No.117 庁舎タイムスリップ(3)棚尾町役場
棚尾町は大正十三年(一九二四)に棚尾村が町制施行して誕生しました。近代の棚尾村役場は字加須(あざかす)(現在の源氏町四丁目)にありましたが、道路拡幅の為に、翌大正十四年(一九二五)に字善明(あざぜんめい)(春日町一丁目・汐田町二丁目、現在の棚尾公民館の位置)へ移転しました。
その後、役場の情報を掲示するために、高札舎(こうさつしゃ)を設けました。役場庁舎はその後、昭和五十二年(一九七七)に取り壊されますが、高札舎は道路拡幅により向きを変えて、今も棚尾公民館敷地内に残っています。

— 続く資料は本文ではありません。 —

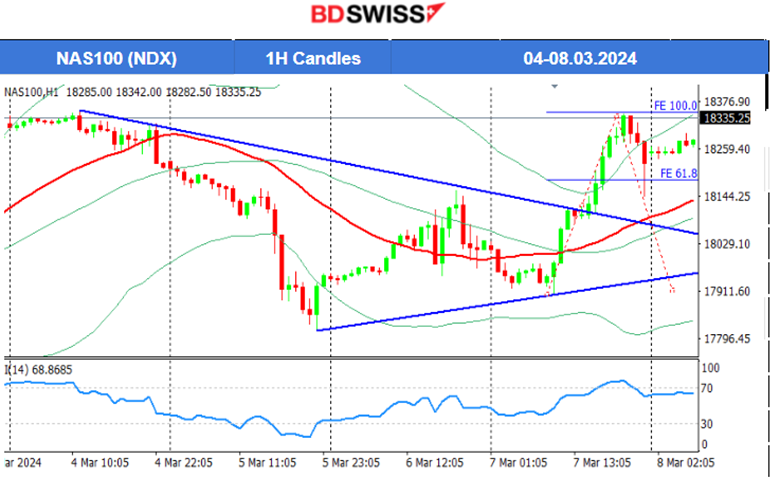 ECB Rates Unchanged: Inflation Projections Down, Gold Remains High, Powell Spreads Interest Rate Cuts Confidence, USD Weakens, U.S. Indices Rally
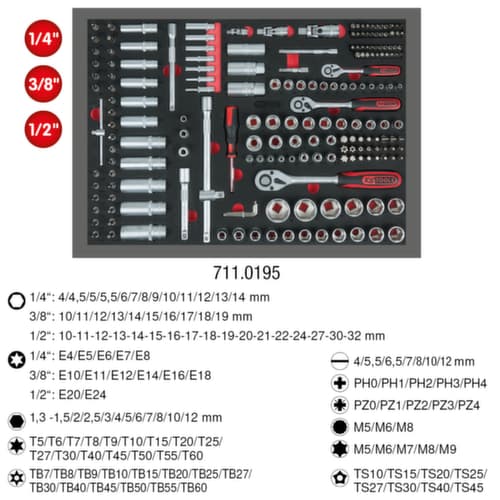 KS Tools Jeu de douilles 1/4"+3/8"+1/2"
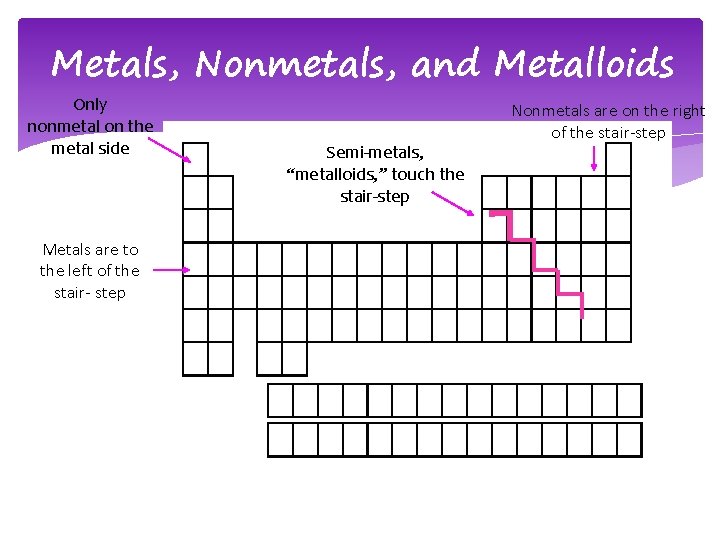 Metals, Nonmetals, and Metalloids Only nonmetal on the metal side Metals are to the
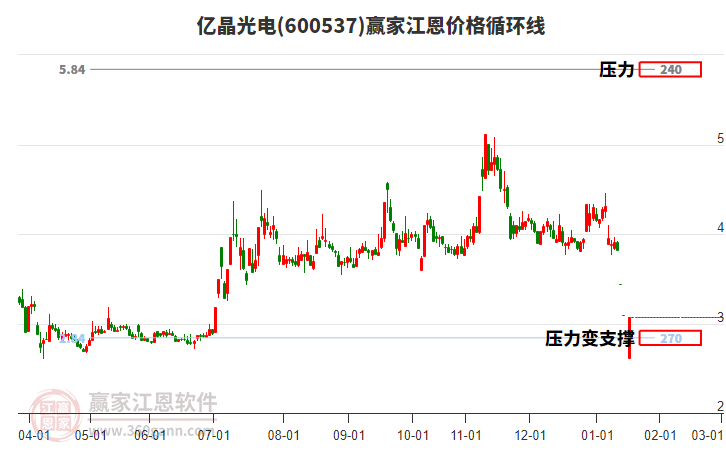 600537億晶光電江恩價(jià)格循環(huán)線工具 600537億晶光電江恩價(jià)格循環(huán)線工具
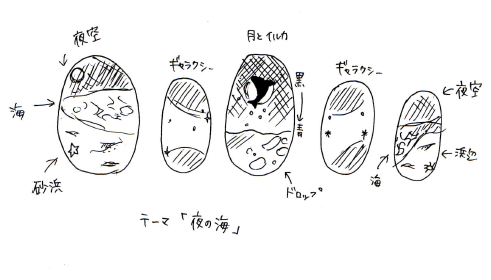 100 ネイル デザイン 下書き シート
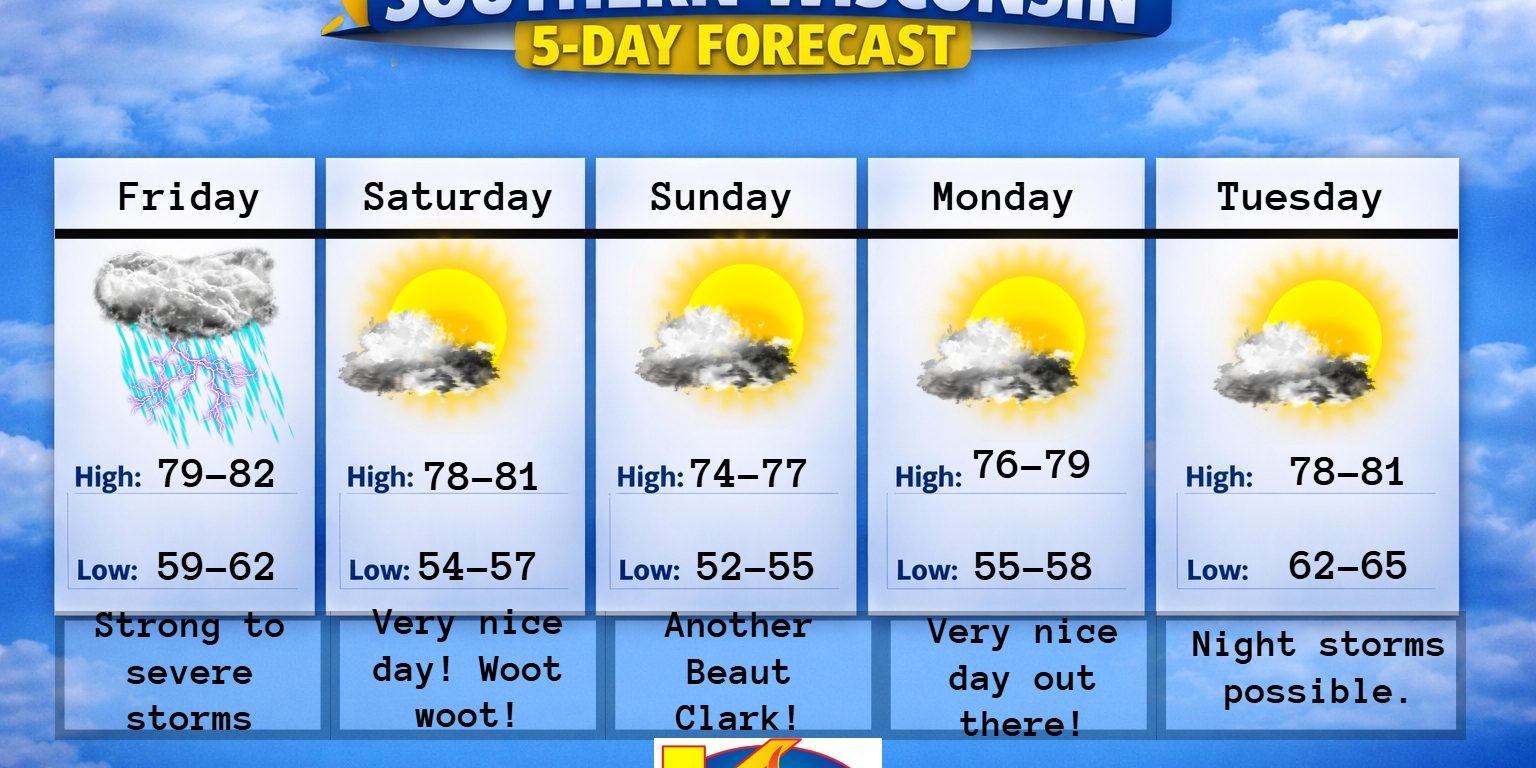 New 5 day (4) – 2026-07-07T185211.664
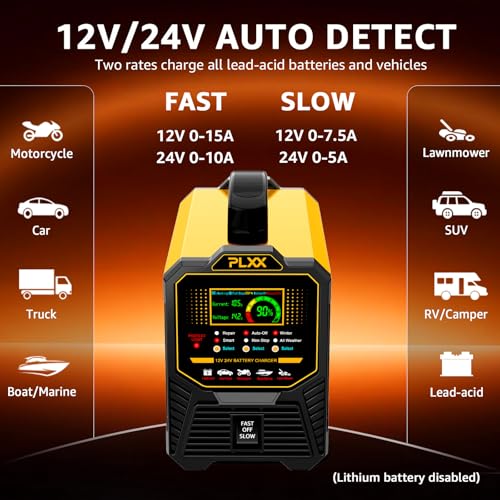 PLXX 12V 24V Car Battery Charger Heavy Duty 0-15A Automatic Smart Trickle Charger with Auto Shutoffs, Repair, Winter Mode, for Automotive Car Truck Motorcycle Lawn Mower Boat Marine AGM - Image 3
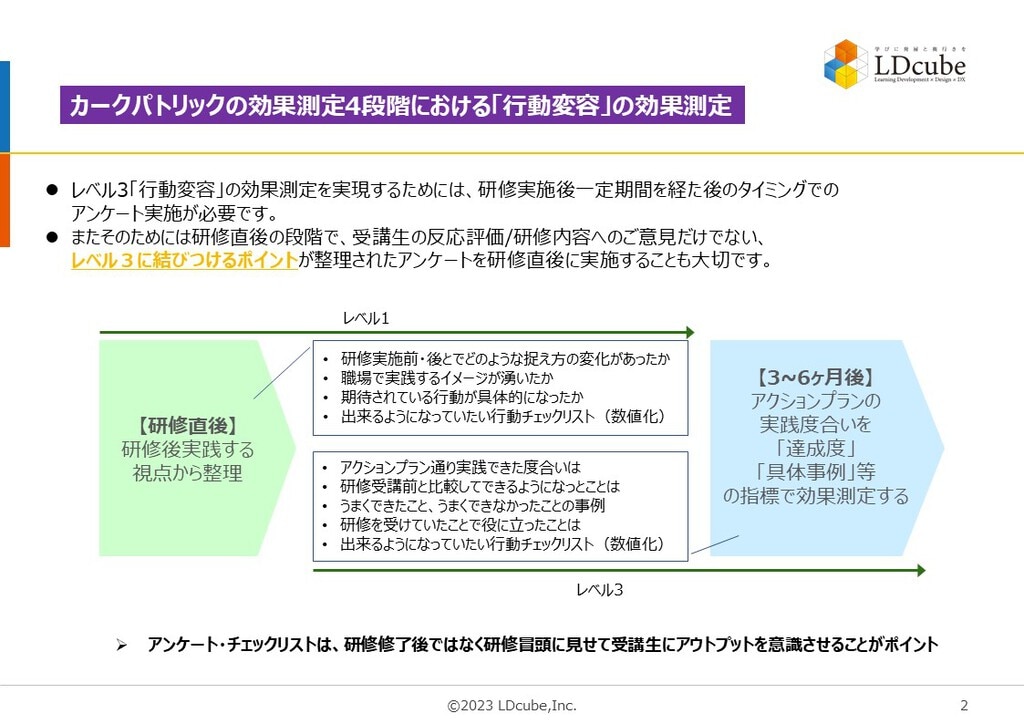 カークパトリックの４段階のレベル３の測定方法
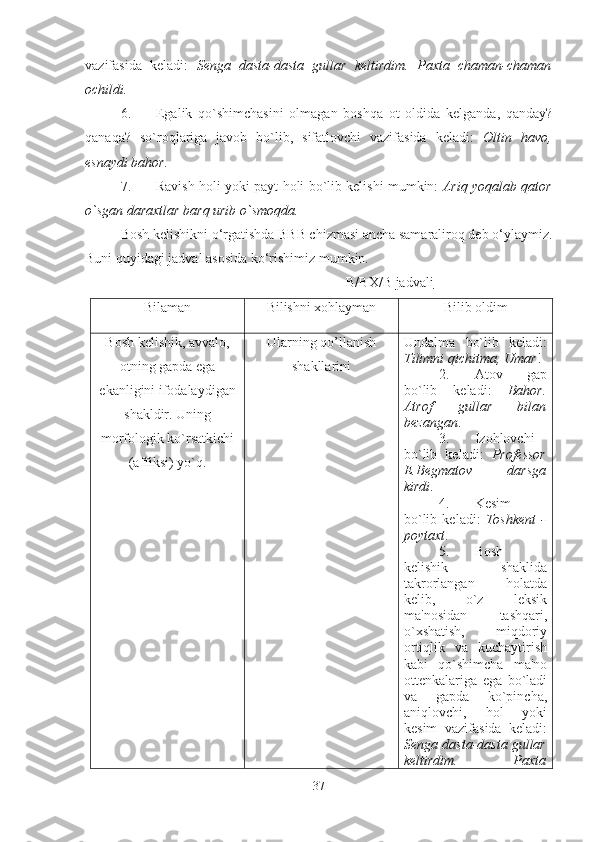 vazifasida   keladi:   Senga   dasta-dasta   gullar   keltirdim.   Paxta   chaman-chaman
ochildi.
6. Egalik   qo`shimchasini   olmagan   boshqa   ot   oldida   kelganda,   qanday?
qanaq а ?   so`roqlariga   javob   bo`lib,   sifatlovchi   vazifasida   keladi:   Oltin   havo,
esnaydi bahor.
7. Ravish holi yoki payt holi bo`lib kelishi mumkin:   Ariq yoqalab qator
o`sgan daraxtlar barq urib o`smoqda.
Bosh kelishikni o‘rgatishda BBB chizmasi ancha samaraliroq deb o‘ylaymiz.
Buni quyidagi jadval asosida ko‘rishimiz mumkin. 
B/BX/B jadvali
Bilaman Bilishni xohlayman Bilib oldim
Bosh kelishik, avvalo,
otning gapda ega
ekanligini ifodalaydigan
shakldir. Uning
morfologik ko`rsatkichi
(affiksi) yo`q. Ular ning qo’llanish
shakllarini
  Undalma   bo`lib   keladi:
Tilimni qichitma, Umar !
2. Atov   gap
bo`lib   keladi:   Bahor.
Atrof   gullar   bilan
bezangan .
3. Izohlovchi
bo`lib   keladi:   Professor
E.Begmatov   darsga
kirdi .
4. Kesim
bo`lib   keladi:   Toshkent   -
poytaxt .
5. Bosh
kelishik   shaklida
takrorlangan   holatda
kelib,   o`z   leksik
ma'nosidan   tashqari,
o`xshatish,   miqdoriy
ortiqlik   va   kuchaytirish
kabi   qo`shimcha   ma'no
ottenkalariga   ega   bo`ladi
va   gapda   ko`pincha,
aniqlovchi,   hol   yoki
kesim   vazifasida   keladi:
Senga dasta-dasta gullar
keltirdim.   Paxta
37 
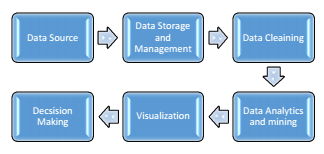 Figure 3: The pipeline of Data Analytics Methodology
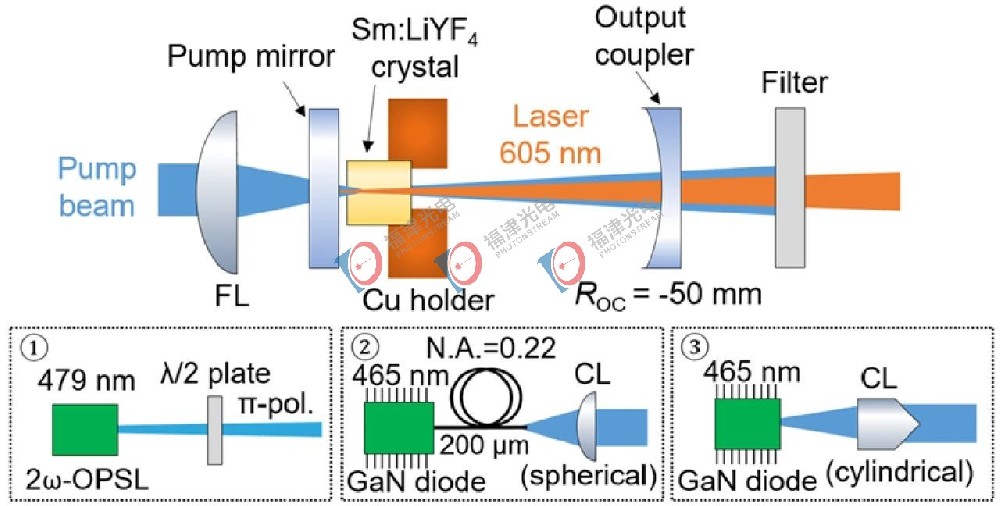新突破！新型橙色激光器研发成功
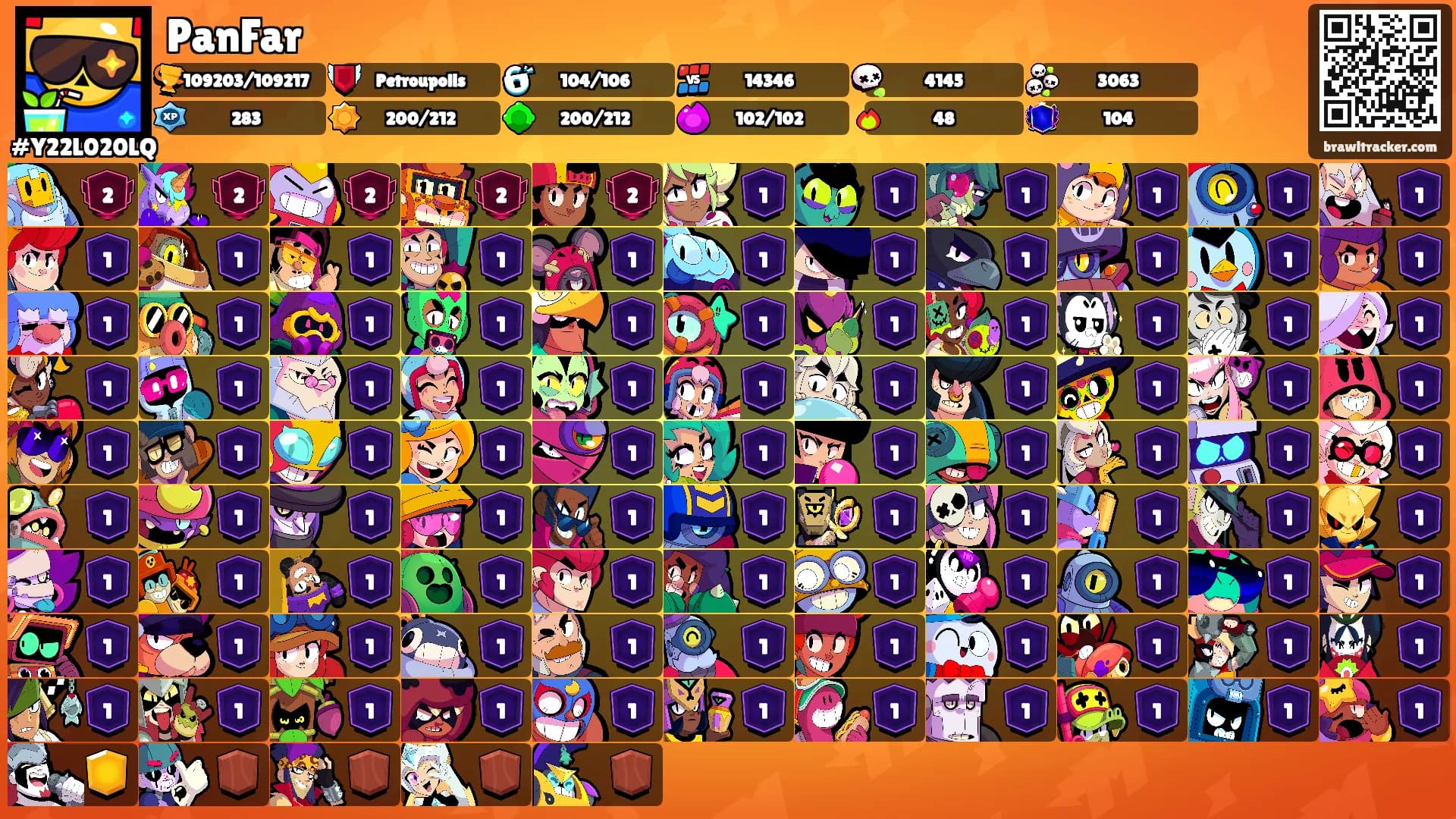 PanFar's Ranks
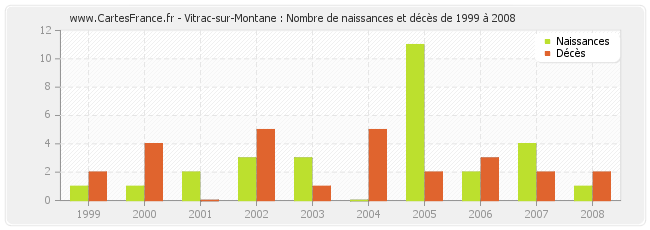 Vitrac-sur-Montane : Nombre de naissances et décès de 1999 à 2008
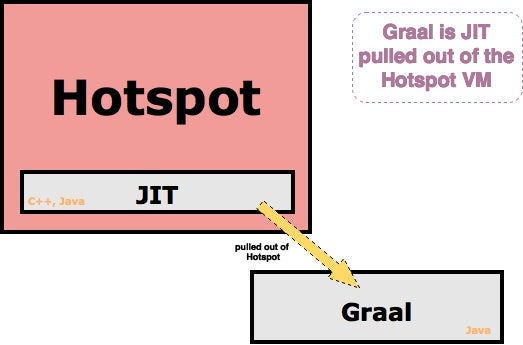 illustration of graal as JIT compiler pulled out of HotSpot VM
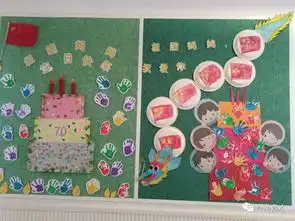 祖国妈妈,祝您生日快乐育才幼儿园国庆节系列活动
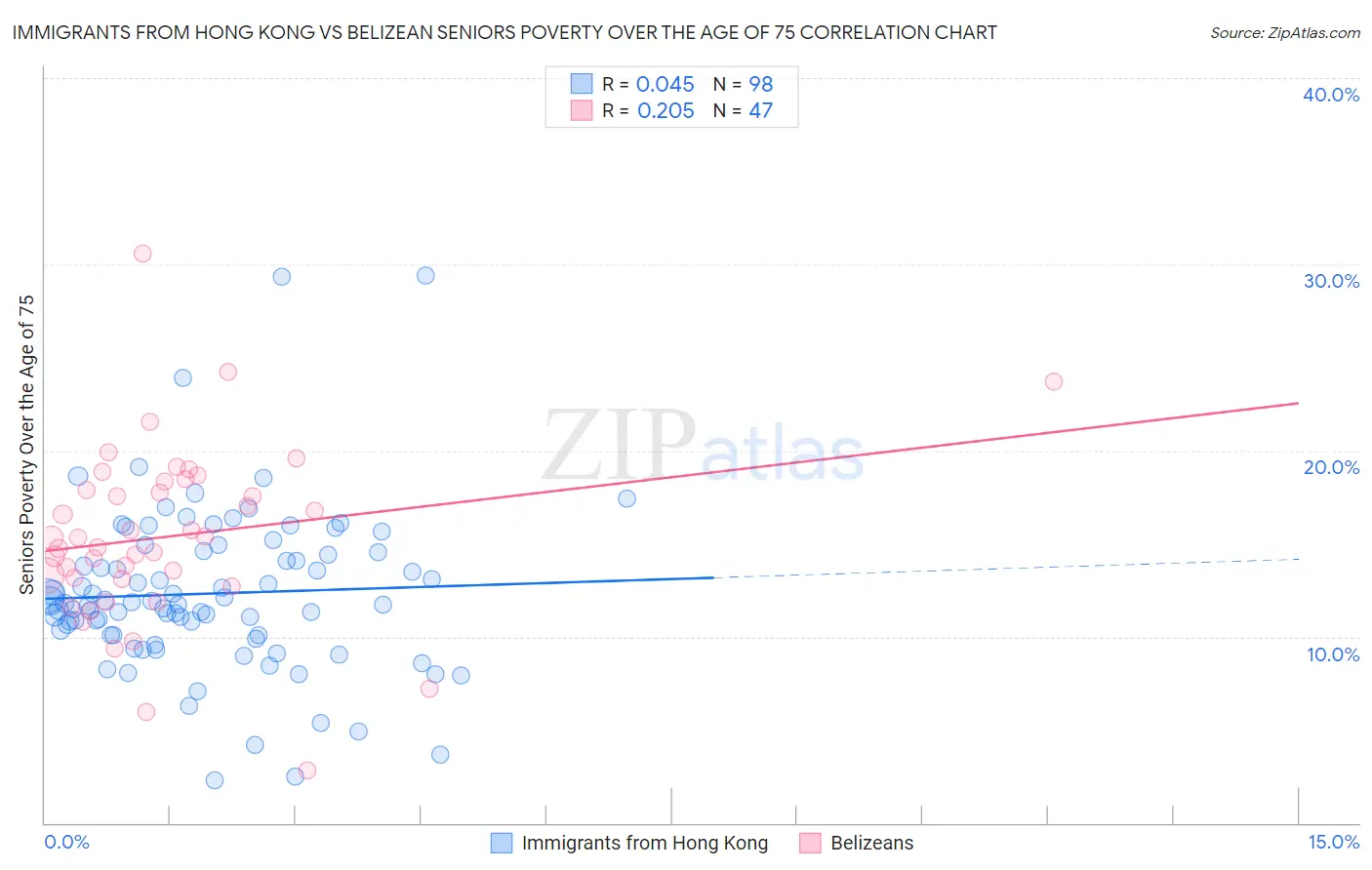 Immigrants from Hong Kong vs Belizean Seniors Poverty Over the Age of 75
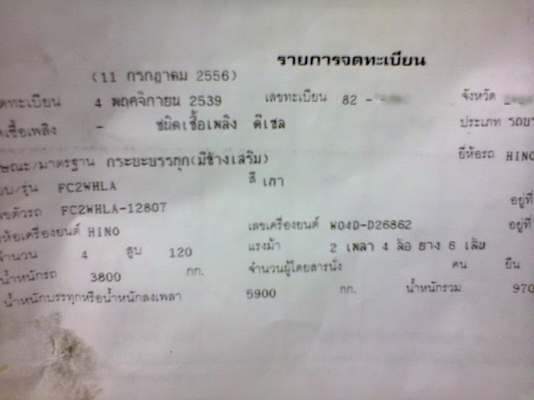 ขาย FC 120 แรง ซุ๊ปเปอร์เสี่ย ยาว 5.5 เมตร เครื่องดี แชชซีสวย ภายในไม่โทรม มีแอร์ ขาย FC 120 แรง ซุ๊ปเปอร์เสี่ย ยาว 5.5 เมตร เครื่องดี แชชซีสวย ภายในไม่โทรม มีแอร์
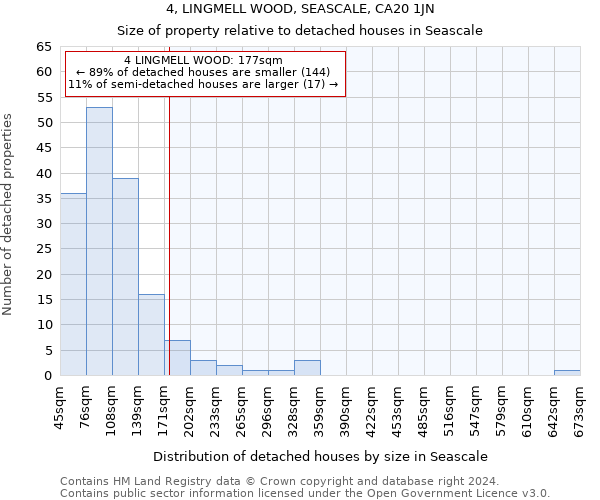 4, LINGMELL WOOD, SEASCALE, CA20 1JN: Size of property relative to detached houses in Seascale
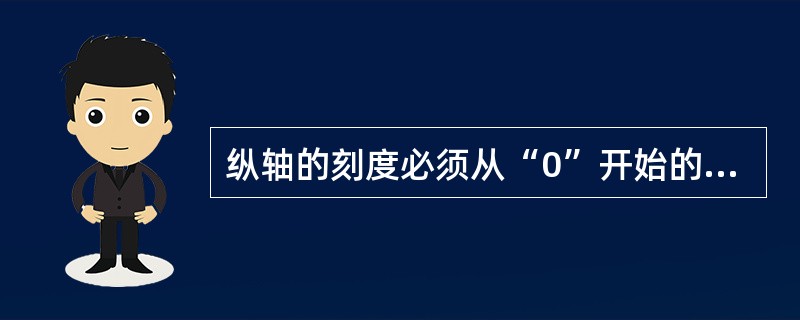 纵轴的刻度必须从“0”开始的统计图为（）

当室には、棚尾公民館の利用に関する興味深い資料があります。昭和三十二年(一九五七)発行の『碧南市棚尾公民館結婚式御案内』です。これには、事前準備や式当日の流れなどが細かく記されています。
公民館で結婚式が行われたのは、社交儀礼の簡略化や節約など生活改善運動の推進が背景にありました。従来の結婚式は、自宅や料亭で行うのが一般的でしたが、ことわざに「娘三人あれば、身代(しんだい)が潰れる」といわれたほど、嫁入りには莫大な費用がかかり、結納品や事前準備などが大きな負担となっていました。
なお、棚尾公民館での結婚式は昭和三十八年(一九六三)に市民会館(現在の文化会館の位置)が建設された際に、その機能も移されました。